A historical and cultural city with its nicely preserved Longwu Temple, a showcase of traditional Tibetan religious art. The 1,000 year old Wutun village near Tongren has the well-known Upper and Lower Wudun monasteries. It features an organic tapestry of village and monastery, laymen habitat, as well as monk residents. The Tibetans here have a rich history recorders through murals, tangka and statues that abound in this area. The art school in the monastery, which was set up in the 16th century, is known for its craftsmanship and fancy colors and enjoys wide-spread fame across the Tibetan region till this day.
Kanbla National Forest Park, Qinghai
Qinghai's natural beauty will also be appreciated in the Kanbla National Forest, a remote landscape of red sandstone peaks and meandering yellow rivers; and in the Nanzong Valley, locked in between danxia peaks and dense forest lines. Nestled in the valley, Nanzong Buddhist Nunnery and Temple are the only religious Buddhist places with monks and nuns coexist with each other in Qinghai Province China.
Kumbum (Ta'er) Monastery, Qinghai
Although the monastery is historically important, you may still skip it if you visit Tongren. Because you will see quite some similar monasteries in Tongren and Kanbula, which are much more authentic, peaceful and much less tourists. In addition, Kumbum is located on the west of Xining, which is opposite direction of this traveling route and takes another half day to do it.
Gansu and Gannan (South Gansu)
Gansu is a province located in the northwest of the People's Republic of China. It lies between Qinghai, Inner Mongolia, and the Huangtu plateaus, and borders Mongolia to the north and Xinjiang to the west. The Yellow River passes the southern part of the province. Gannan (South Gansu) is the Tibetan Autonomous Prefecture, where Lanzhou & Xiahe are located. The famous attractions are Labrang Monastery and Langmu Monastery.
Xiahe & Labrang Monastery, Gannan
is a tiny, bustling town nestles in a mountain valley at an elevation of 2,900m in Ganan Tibetan Autonomous Prefecture, southwest Gansu. The town was divided into two sections, primarily Hui (Muslim) and Han Chinese at its eastern end, changing abruptly to a Tibetan town as you climb westward to the gorgeous gilded roofs of the vast Labrang Monastery.

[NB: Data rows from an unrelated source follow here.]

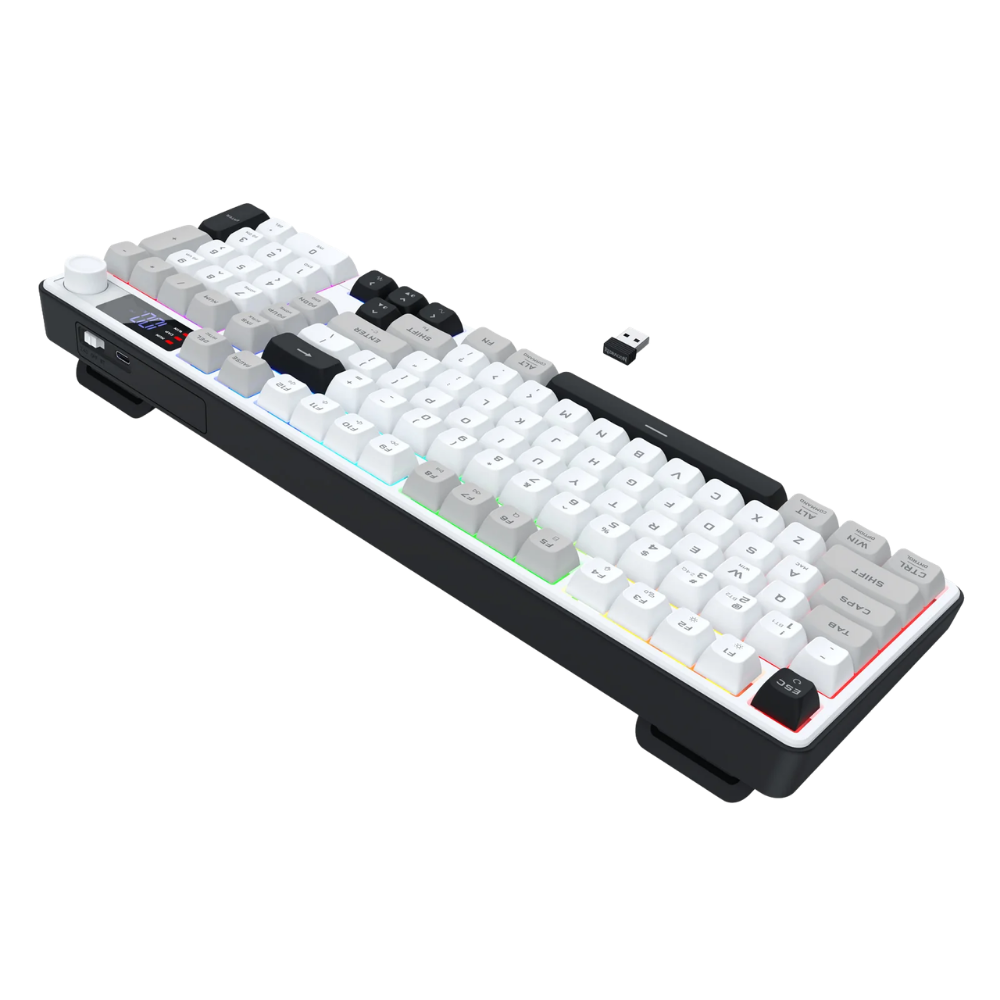 REDRAGON ARIA PRO TRI-MODE RGB MEMBRANE KEYBOARD W/ LCD & KNOB (WHITE GRAY BLACK)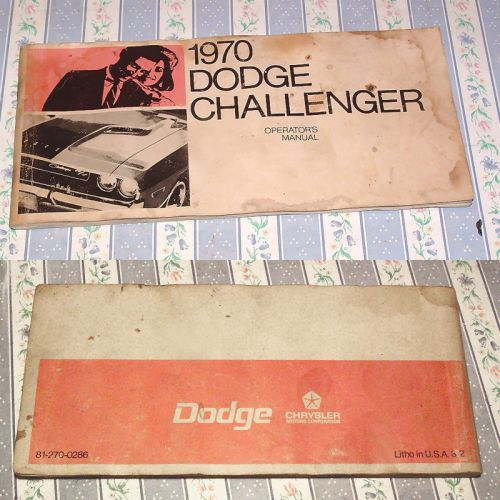 Original 1970 challenger owner manual dodge chrysler r/t t/a rally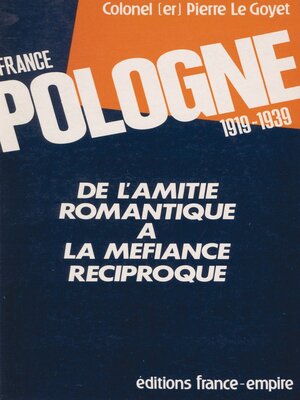 cover image of France-Pologne 1919-1939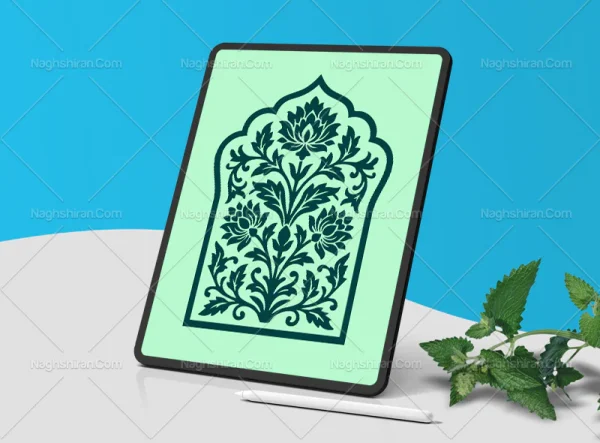 وکتور طرح محراب گل های شاه عباسی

Bent and walnut-visaged Tibetan pilgrims make you welcome on the 3km circuit around the monastery's perimeter.
It is not just the amazing sights of the Labrang Monastery and the Sangke Grassland that will enamour you with Xiahe, but also the vibrant atmosphere. The locals and nomads in the village live a laid-back lifestyle. The population here is made up of 45% Tibetan, 45% Han and 10% Hui, making this a good place to behold monks in bright purple, yellow and red, nomads clad in sheepskins, and the Hui Muslims with skull caps and wispy beards. The town is also a thoroughfare for inbound pilgrims from Qinghai and Tibet.
Located in the southern part of Gansu, part of the traditional Tibetan province of Amdo. It is one of the six major monasteries of the Gelukpa tradition of Tibetan Buddhism in Tibet, and the most important one in Amdo. Built in 1710, it is headed by the Jamyang-zhaypa. It has 6 dratsang (colleges), and houses over sixty thousand religious texts and other works of literature as well as other cultural artifacts.
Langmu Monastery -- quiet and picturesque paradise
In Langmu, in the south of Gansu, there is a monastery which is divided into two parts by the Bailongjiang River, one half belonging to Sichuan and the other to Gansu. It has two Tibetan monasteries and two schools. The Tibetans who live in Langmu Monastery share the living habits in daily life and often also the religious activities. Langmu means “fairy” in Tibetan language. The Monastery got its name because inside the cave there is a rock bearing the resemblance of a beautiful young lady which was believed to be a transformation of a fairy. Langmusi is an ideal destination for the backpackers, quiet and picturesque.